**Goal of the exercise:** The whole listing below should be printed again exactly, with no images.

**Exercise data:**
---

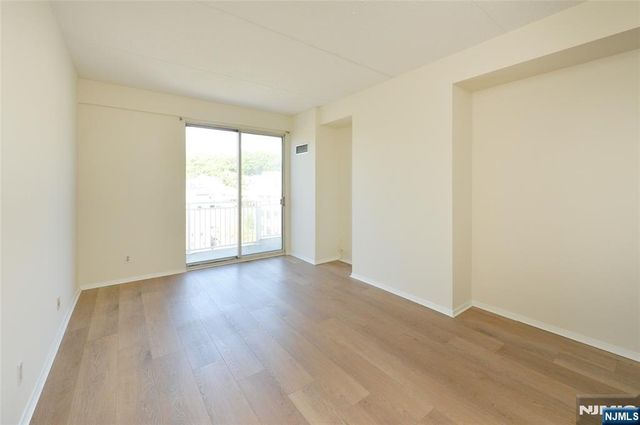 1077 River PH6, Edgewater, NJ 07020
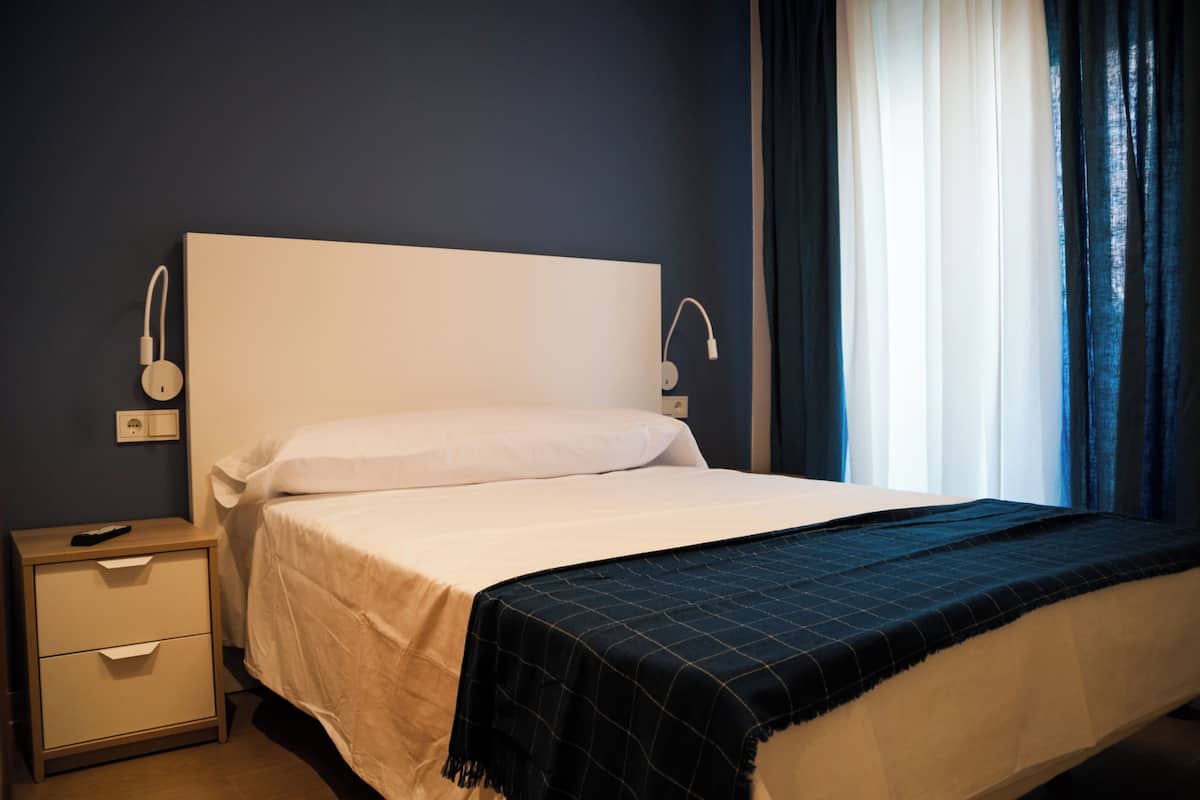 Basic Double Room | Free WiFi, bed sheets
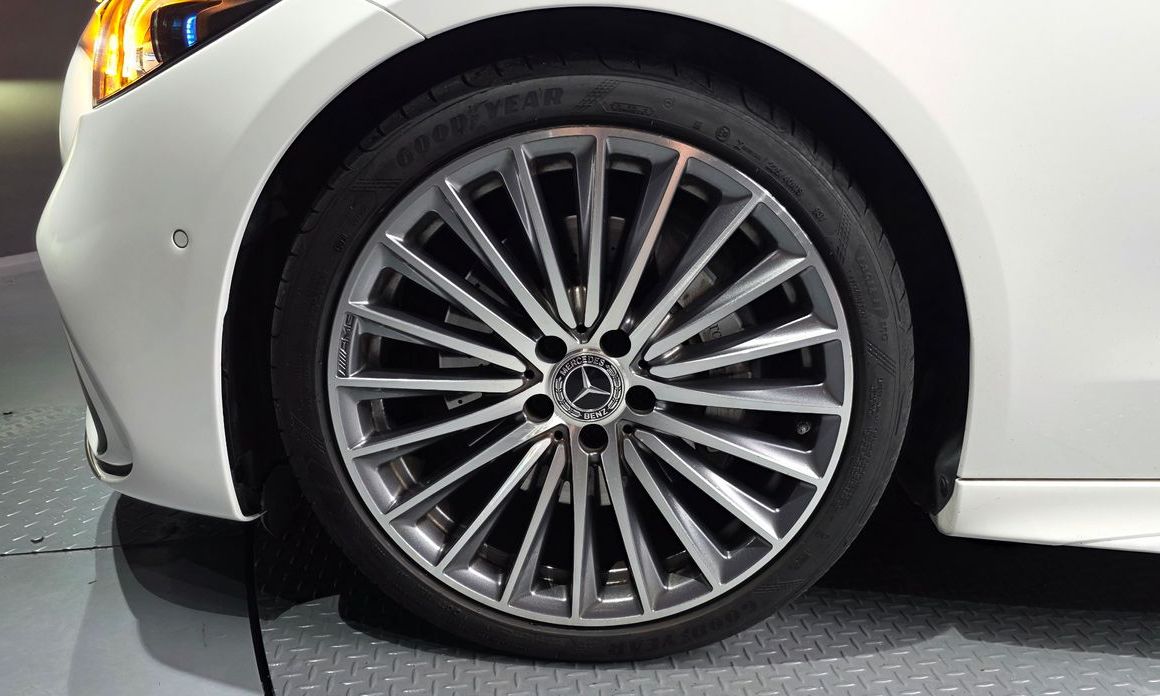 Mercedes-Benz C-Class C300 4MATIC AMG Line, 2023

---

**Output for this exercise:**
 1077 River PH6, Edgewater, NJ 07020
 Basic Double Room | Free WiFi, bed sheets
 Mercedes-Benz C-Class C300 4MATIC AMG Line, 2023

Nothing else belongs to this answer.